La forte pondération du secteur de la santé et de la consommation dans les indices boursiers suisses est porteuse car la demande, moins dépendante de l’évolution conjoncturelle, promet des rendements stables. De plus, l’évolution démographique se poursuit. L’espérance de vie devrait continuer d’augmenter dans les années à venir. D’un point de vue fondamental, les titres suisses bénéficient du fait que la valorisation du marché suisse des actions est, en comparaison internationale, assez modérée. La stratégie de placement «Dogs of the Dow» devrait également remettre les rendements sur dividendes attractifs sur le devant de la scène en début d’année. Ceux-ci sont en moyenne de 3% pour le marché suisse des actions; pour certaines valeurs, le rendement sur distribution est nettement plus élevé.

Les 10 titres présentant les dividendes les plus élevés du Swiss Market Index (SMI)

Les 10 titres présentant les dividendes les plus élevés du Swiss Market Index (SMI)

Sources: Bloomberg, CIO Office Raiffeisen Suisse

Ce revenu régulier est un gage de stabilité.
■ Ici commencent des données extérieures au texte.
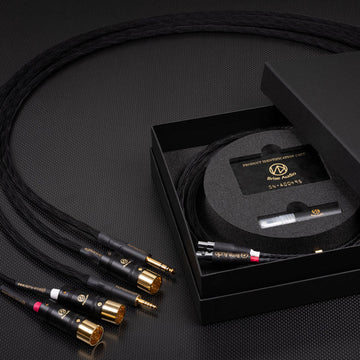 Brise Audio YATONO-HP Ultimate - High-End Kopfhörerkabel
En revanche, l’euphorie autour du thème de l’intelligence artificielle (IA) a été rattrapée par la réalité en fin d’année. Les investisseuses et investisseurs ont de plus en plus remis en question les valorisations et attentes dans le secteur des technologies de manière critique. Le fait que le groupe de logiciels Microsoft ait revu à la baisse ses prévisions de croissance dans le domaine de l’intelligence artificielle, car son personnel de distribution n’avait pas atteint ses objectifs de vente pour les produits correspondants prouve le bien-fondé de ces doutes. S’agissant du groupe de logiciels Oracle, la levée de capitaux externes pour financer des projets d’IA a suscité un certain malaise. L’avenir nous dira s’il s’agit de cas isolés ou d’un retournement de tendance.

Ce qui est sûr, c’est que l’IA va changer la société. Mais pour les investisseuses et investisseurs, il est bien plus important de ne pas se laisser aveugler par l’euphorie, au risque de négliger les aspects financiers. En effet, la peur de passer à côté d’une opportunité a toujours été une piètre conseillère en bourse et pourrait transformer le conte de l’intelligence artificielle en histoire terrifiante.  

Dogs of the Dow

Les dividendes sont appréciés des investisseuses et investisseurs. La stratégie de placement «Dogs of the Dow» mise sur cet objectif. Dans ce cadre, un investisseur achète, le premier jour de bourse d’une année, les 10 actions de l’indice Dow Jones présentant les dividendes les plus élevés. Il les conserve pendant exactement un an, sans effectuer aucune transaction pendant cette période. Le fait qu’une action à faible évolution soit également qualifiée de «dog» est trompeur, d’autant plus qu’un rendement élevé sur distribution est également un critère de qualité. Néanmoins, le succès de la stratégie est controversé. Dans l’esprit de cette stratégie, les investisseuses et investisseurs misent également sur les actions à dividendes les plus élevés pour d’autres indices, comme les «Dogs of the SMI».